[Provided information Boundary: Start]
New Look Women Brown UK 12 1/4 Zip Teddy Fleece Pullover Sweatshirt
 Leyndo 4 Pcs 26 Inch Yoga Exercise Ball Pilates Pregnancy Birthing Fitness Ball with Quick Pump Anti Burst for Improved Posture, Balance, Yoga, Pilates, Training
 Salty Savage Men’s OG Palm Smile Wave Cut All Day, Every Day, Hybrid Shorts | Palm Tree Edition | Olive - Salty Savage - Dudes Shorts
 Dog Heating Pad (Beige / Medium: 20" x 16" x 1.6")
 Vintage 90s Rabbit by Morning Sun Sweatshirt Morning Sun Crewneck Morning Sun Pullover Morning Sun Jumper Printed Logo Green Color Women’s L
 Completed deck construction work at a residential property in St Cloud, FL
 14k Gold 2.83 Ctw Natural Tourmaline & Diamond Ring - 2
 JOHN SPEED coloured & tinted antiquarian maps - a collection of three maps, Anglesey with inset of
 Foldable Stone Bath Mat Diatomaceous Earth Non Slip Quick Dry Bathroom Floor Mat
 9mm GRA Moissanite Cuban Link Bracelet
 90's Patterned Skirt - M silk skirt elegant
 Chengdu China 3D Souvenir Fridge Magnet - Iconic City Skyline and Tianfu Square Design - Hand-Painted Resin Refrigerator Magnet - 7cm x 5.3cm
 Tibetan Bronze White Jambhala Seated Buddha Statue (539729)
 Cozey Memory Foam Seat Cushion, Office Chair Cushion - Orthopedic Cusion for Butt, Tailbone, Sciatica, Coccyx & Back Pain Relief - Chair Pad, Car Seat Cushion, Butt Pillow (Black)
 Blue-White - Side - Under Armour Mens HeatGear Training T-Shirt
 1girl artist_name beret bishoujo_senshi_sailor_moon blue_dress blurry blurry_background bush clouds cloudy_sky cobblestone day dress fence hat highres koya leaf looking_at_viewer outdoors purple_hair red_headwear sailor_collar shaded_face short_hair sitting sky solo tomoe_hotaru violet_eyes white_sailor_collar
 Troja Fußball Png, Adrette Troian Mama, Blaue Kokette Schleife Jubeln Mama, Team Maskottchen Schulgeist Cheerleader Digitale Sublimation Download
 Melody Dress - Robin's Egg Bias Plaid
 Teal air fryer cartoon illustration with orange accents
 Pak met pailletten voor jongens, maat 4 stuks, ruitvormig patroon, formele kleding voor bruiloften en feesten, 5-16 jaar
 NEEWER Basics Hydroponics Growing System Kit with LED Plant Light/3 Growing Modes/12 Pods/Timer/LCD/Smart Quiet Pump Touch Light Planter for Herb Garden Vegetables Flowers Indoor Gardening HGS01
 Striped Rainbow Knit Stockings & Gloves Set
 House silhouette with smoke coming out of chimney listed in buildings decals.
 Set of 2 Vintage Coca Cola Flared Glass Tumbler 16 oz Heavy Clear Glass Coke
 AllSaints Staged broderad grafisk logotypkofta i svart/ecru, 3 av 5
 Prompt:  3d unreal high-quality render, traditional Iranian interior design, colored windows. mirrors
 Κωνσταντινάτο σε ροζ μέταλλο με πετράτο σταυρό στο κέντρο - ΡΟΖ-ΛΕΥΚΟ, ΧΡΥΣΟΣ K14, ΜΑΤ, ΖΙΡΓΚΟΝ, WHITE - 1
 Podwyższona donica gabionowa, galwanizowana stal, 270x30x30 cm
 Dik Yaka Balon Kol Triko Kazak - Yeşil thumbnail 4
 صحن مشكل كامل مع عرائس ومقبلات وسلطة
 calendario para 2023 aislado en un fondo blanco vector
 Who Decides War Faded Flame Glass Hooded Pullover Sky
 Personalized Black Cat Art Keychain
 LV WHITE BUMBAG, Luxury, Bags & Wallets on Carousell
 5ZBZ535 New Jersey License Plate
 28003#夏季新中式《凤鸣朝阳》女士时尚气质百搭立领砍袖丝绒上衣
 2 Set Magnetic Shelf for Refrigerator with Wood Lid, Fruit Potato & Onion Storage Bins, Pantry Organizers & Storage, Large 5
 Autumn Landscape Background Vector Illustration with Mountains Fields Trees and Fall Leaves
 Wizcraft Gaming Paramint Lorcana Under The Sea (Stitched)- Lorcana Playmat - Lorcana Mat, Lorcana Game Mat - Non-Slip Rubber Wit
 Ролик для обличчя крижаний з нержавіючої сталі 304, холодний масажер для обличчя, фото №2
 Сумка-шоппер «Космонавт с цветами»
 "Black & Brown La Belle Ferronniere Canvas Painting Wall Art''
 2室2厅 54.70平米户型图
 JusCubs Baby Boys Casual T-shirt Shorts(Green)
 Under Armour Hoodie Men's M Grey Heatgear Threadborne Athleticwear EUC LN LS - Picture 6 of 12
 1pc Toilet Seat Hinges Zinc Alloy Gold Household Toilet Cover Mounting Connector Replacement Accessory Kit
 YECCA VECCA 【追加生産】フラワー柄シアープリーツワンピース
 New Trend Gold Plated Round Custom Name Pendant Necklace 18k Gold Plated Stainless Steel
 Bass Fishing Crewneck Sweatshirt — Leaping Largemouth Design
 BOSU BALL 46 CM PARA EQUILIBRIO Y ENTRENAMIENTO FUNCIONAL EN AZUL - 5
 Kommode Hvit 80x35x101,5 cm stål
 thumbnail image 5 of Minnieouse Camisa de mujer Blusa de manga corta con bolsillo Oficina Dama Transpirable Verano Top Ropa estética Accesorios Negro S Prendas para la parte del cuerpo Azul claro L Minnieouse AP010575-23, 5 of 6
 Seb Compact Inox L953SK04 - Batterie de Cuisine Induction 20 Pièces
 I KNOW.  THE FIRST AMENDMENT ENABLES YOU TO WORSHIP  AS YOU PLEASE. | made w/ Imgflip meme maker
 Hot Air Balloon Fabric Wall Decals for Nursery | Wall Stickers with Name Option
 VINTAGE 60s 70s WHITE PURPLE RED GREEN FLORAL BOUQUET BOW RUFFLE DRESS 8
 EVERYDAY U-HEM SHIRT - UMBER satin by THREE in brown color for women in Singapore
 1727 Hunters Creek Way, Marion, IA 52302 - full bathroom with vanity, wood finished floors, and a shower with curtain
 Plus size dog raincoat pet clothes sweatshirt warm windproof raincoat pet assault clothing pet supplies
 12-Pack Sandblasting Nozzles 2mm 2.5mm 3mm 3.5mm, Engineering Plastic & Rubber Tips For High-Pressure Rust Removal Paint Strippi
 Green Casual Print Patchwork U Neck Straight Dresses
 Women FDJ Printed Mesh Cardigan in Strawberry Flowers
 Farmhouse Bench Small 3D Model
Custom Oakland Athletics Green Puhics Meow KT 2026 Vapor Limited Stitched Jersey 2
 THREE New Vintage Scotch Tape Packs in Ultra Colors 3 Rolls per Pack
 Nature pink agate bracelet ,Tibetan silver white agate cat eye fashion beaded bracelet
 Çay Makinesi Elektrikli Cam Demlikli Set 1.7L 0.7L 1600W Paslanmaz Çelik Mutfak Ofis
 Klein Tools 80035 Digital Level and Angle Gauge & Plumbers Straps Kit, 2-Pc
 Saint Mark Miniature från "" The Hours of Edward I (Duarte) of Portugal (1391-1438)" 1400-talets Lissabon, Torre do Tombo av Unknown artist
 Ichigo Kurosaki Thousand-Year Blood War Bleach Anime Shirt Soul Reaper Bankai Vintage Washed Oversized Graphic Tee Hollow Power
[Provided information Boundary: End]
- Directions for this task
Please give the material above once more, unchanged.

- Result of this exercise
New Look Women Brown UK 12 1/4 Zip Teddy Fleece Pullover Sweatshirt
 Leyndo 4 Pcs 26 Inch Yoga Exercise Ball Pilates Pregnancy Birthing Fitness Ball with Quick Pump Anti Burst for Improved Posture, Balance, Yoga, Pilates, Training
 Salty Savage Men’s OG Palm Smile Wave Cut All Day, Every Day, Hybrid Shorts | Palm Tree Edition | Olive - Salty Savage - Dudes Shorts
 Dog Heating Pad (Beige / Medium: 20" x 16" x 1.6")
 Vintage 90s Rabbit by Morning Sun Sweatshirt Morning Sun Crewneck Morning Sun Pullover Morning Sun Jumper Printed Logo Green Color Women’s L
 Completed deck construction work at a residential property in St Cloud, FL
 14k Gold 2.83 Ctw Natural Tourmaline & Diamond Ring - 2
 JOHN SPEED coloured & tinted antiquarian maps - a collection of three maps, Anglesey with inset of
 Foldable Stone Bath Mat Diatomaceous Earth Non Slip Quick Dry Bathroom Floor Mat
 9mm GRA Moissanite Cuban Link Bracelet
 90's Patterned Skirt - M silk skirt elegant
 Chengdu China 3D Souvenir Fridge Magnet - Iconic City Skyline and Tianfu Square Design - Hand-Painted Resin Refrigerator Magnet - 7cm x 5.3cm
 Tibetan Bronze White Jambhala Seated Buddha Statue (539729)
 Cozey Memory Foam Seat Cushion, Office Chair Cushion - Orthopedic Cusion for Butt, Tailbone, Sciatica, Coccyx & Back Pain Relief - Chair Pad, Car Seat Cushion, Butt Pillow (Black)
 Blue-White - Side - Under Armour Mens HeatGear Training T-Shirt
 1girl artist_name beret bishoujo_senshi_sailor_moon blue_dress blurry blurry_background bush clouds cloudy_sky cobblestone day dress fence hat highres koya leaf looking_at_viewer outdoors purple_hair red_headwear sailor_collar shaded_face short_hair sitting sky solo tomoe_hotaru violet_eyes white_sailor_collar
 Troja Fußball Png, Adrette Troian Mama, Blaue Kokette Schleife Jubeln Mama, Team Maskottchen Schulgeist Cheerleader Digitale Sublimation Download
 Melody Dress - Robin's Egg Bias Plaid
 Teal air fryer cartoon illustration with orange accents
 Pak met pailletten voor jongens, maat 4 stuks, ruitvormig patroon, formele kleding voor bruiloften en feesten, 5-16 jaar
 NEEWER Basics Hydroponics Growing System Kit with LED Plant Light/3 Growing Modes/12 Pods/Timer/LCD/Smart Quiet Pump Touch Light Planter for Herb Garden Vegetables Flowers Indoor Gardening HGS01
 Striped Rainbow Knit Stockings & Gloves Set
 House silhouette with smoke coming out of chimney listed in buildings decals.
 Set of 2 Vintage Coca Cola Flared Glass Tumbler 16 oz Heavy Clear Glass Coke
 AllSaints Staged broderad grafisk logotypkofta i svart/ecru, 3 av 5
 Prompt:  3d unreal high-quality render, traditional Iranian interior design, colored windows. mirrors
 Κωνσταντινάτο σε ροζ μέταλλο με πετράτο σταυρό στο κέντρο - ΡΟΖ-ΛΕΥΚΟ, ΧΡΥΣΟΣ K14, ΜΑΤ, ΖΙΡΓΚΟΝ, WHITE - 1
 Podwyższona donica gabionowa, galwanizowana stal, 270x30x30 cm
 Dik Yaka Balon Kol Triko Kazak - Yeşil thumbnail 4
 صحن مشكل كامل مع عرائس ومقبلات وسلطة
 calendario para 2023 aislado en un fondo blanco vector
 Who Decides War Faded Flame Glass Hooded Pullover Sky
 Personalized Black Cat Art Keychain
 LV WHITE BUMBAG, Luxury, Bags & Wallets on Carousell
 5ZBZ535 New Jersey License Plate
 28003#夏季新中式《凤鸣朝阳》女士时尚气质百搭立领砍袖丝绒上衣
 2 Set Magnetic Shelf for Refrigerator with Wood Lid, Fruit Potato & Onion Storage Bins, Pantry Organizers & Storage, Large 5
 Autumn Landscape Background Vector Illustration with Mountains Fields Trees and Fall Leaves
 Wizcraft Gaming Paramint Lorcana Under The Sea (Stitched)- Lorcana Playmat - Lorcana Mat, Lorcana Game Mat - Non-Slip Rubber Wit
 Ролик для обличчя крижаний з нержавіючої сталі 304, холодний масажер для обличчя, фото №2
 Сумка-шоппер «Космонавт с цветами»
 "Black & Brown La Belle Ferronniere Canvas Painting Wall Art''
 2室2厅 54.70平米户型图
 JusCubs Baby Boys Casual T-shirt Shorts(Green)
 Under Armour Hoodie Men's M Grey Heatgear Threadborne Athleticwear EUC LN LS - Picture 6 of 12
 1pc Toilet Seat Hinges Zinc Alloy Gold Household Toilet Cover Mounting Connector Replacement Accessory Kit
 YECCA VECCA 【追加生産】フラワー柄シアープリーツワンピース
 New Trend Gold Plated Round Custom Name Pendant Necklace 18k Gold Plated Stainless Steel
 Bass Fishing Crewneck Sweatshirt — Leaping Largemouth Design
 BOSU BALL 46 CM PARA EQUILIBRIO Y ENTRENAMIENTO FUNCIONAL EN AZUL - 5
 Kommode Hvit 80x35x101,5 cm stål
 thumbnail image 5 of Minnieouse Camisa de mujer Blusa de manga corta con bolsillo Oficina Dama Transpirable Verano Top Ropa estética Accesorios Negro S Prendas para la parte del cuerpo Azul claro L Minnieouse AP010575-23, 5 of 6
 Seb Compact Inox L953SK04 - Batterie de Cuisine Induction 20 Pièces
 I KNOW.  THE FIRST AMENDMENT ENABLES YOU TO WORSHIP  AS YOU PLEASE. | made w/ Imgflip meme maker
 Hot Air Balloon Fabric Wall Decals for Nursery | Wall Stickers with Name Option
 VINTAGE 60s 70s WHITE PURPLE RED GREEN FLORAL BOUQUET BOW RUFFLE DRESS 8
 EVERYDAY U-HEM SHIRT - UMBER satin by THREE in brown color for women in Singapore
 1727 Hunters Creek Way, Marion, IA 52302 - full bathroom with vanity, wood finished floors, and a shower with curtain
 Plus size dog raincoat pet clothes sweatshirt warm windproof raincoat pet assault clothing pet supplies
 12-Pack Sandblasting Nozzles 2mm 2.5mm 3mm 3.5mm, Engineering Plastic & Rubber Tips For High-Pressure Rust Removal Paint Strippi
 Green Casual Print Patchwork U Neck Straight Dresses
 Women FDJ Printed Mesh Cardigan in Strawberry Flowers
 Farmhouse Bench Small 3D Model
Custom Oakland Athletics Green Puhics Meow KT 2026 Vapor Limited Stitched Jersey 2
 THREE New Vintage Scotch Tape Packs in Ultra Colors 3 Rolls per Pack
 Nature pink agate bracelet ,Tibetan silver white agate cat eye fashion beaded bracelet
 Çay Makinesi Elektrikli Cam Demlikli Set 1.7L 0.7L 1600W Paslanmaz Çelik Mutfak Ofis
 Klein Tools 80035 Digital Level and Angle Gauge & Plumbers Straps Kit, 2-Pc
 Saint Mark Miniature från "" The Hours of Edward I (Duarte) of Portugal (1391-1438)" 1400-talets Lissabon, Torre do Tombo av Unknown artist
 Ichigo Kurosaki Thousand-Year Blood War Bleach Anime Shirt Soul Reaper Bankai Vintage Washed Oversized Graphic Tee Hollow Power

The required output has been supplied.